Uniswap treated the launch of v3 as reminiscent of Silicon Valley marketing tactics. Uniswap founder Hayden Adams relentlessly tweeted out clues, teasers, and announcements building massive hype ahead of the launch.
While this did bring a lot of attention to v3, it also showed how centralized the protocol’s governance had become.
The community was never involved in the making of v3. There was no opportunity for anyone to raise any legitimate concerns around the new system. Nor was there a vote among UNI token holders on whether to implement these changes.
Additionally, Uniswap announced no fees would be redistributed to UNI holders but that the fee switch could still, theoretically, be turned on at any moment. This fee switch would distribute part of the protocol’s fees to UNI token holders.
It’s also important to note that Uniswap received major investments from some of the biggest investors in Silicon Valley. Andreessen Horowitz was the lead investor in Uniswap’s Series A, but they’re certainly not the only ones: Union Square Ventures, Paradigm, and many others are all major stakeholders in Uniswap.
These investors represent a sizable part of all UNI tokens and, as such, hold the keys to the governance of one of the most valuable DeFi projects.
Balancing Efficiency and Community
If Uniswap were any Silicon Valley startup, judging v3 would be very different. The latest version of Uniswap is extremely capital efficient and, technically speaking, represents incredible innovations in the domain of AMMs.
But it raises an important question that DeFi would always eventually reach.
At what point does progress in the efficiency of protocols outweigh the importance of bottom-up governance, community building, and protecting regular users’ interests?

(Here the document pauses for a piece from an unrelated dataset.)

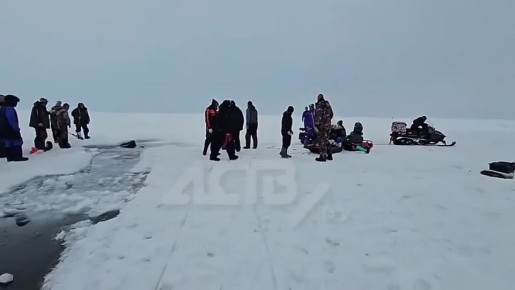 "Это Сахалин, детка": толпа рыбаков спасла провалившийся в трещину снегоход с водителем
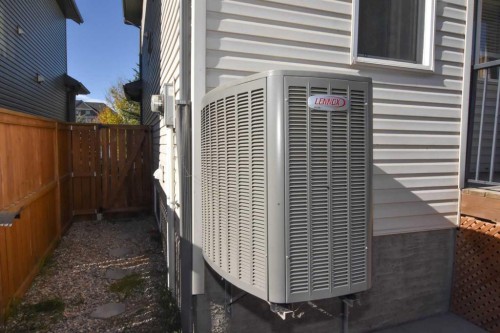 12 Legacy Gate Se, Calgary, AB - Outdoor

Uniswap’s v3 business license is the most obvious sign of this change in direction. While anyone can still see the code used by Uniswap, it is now protected by copyright for the next two years. Open-source code has been one reason behind the exponential growth of DeFi, but for Uniswap, this phase is over.
Uniswap Labs was asked for comments on Mar. 26. but has not yet responded to Crypto Briefing.
Disclosure: The author held ETH, DAI, BNT, and a number of other cryptocurrencies at the time of writing.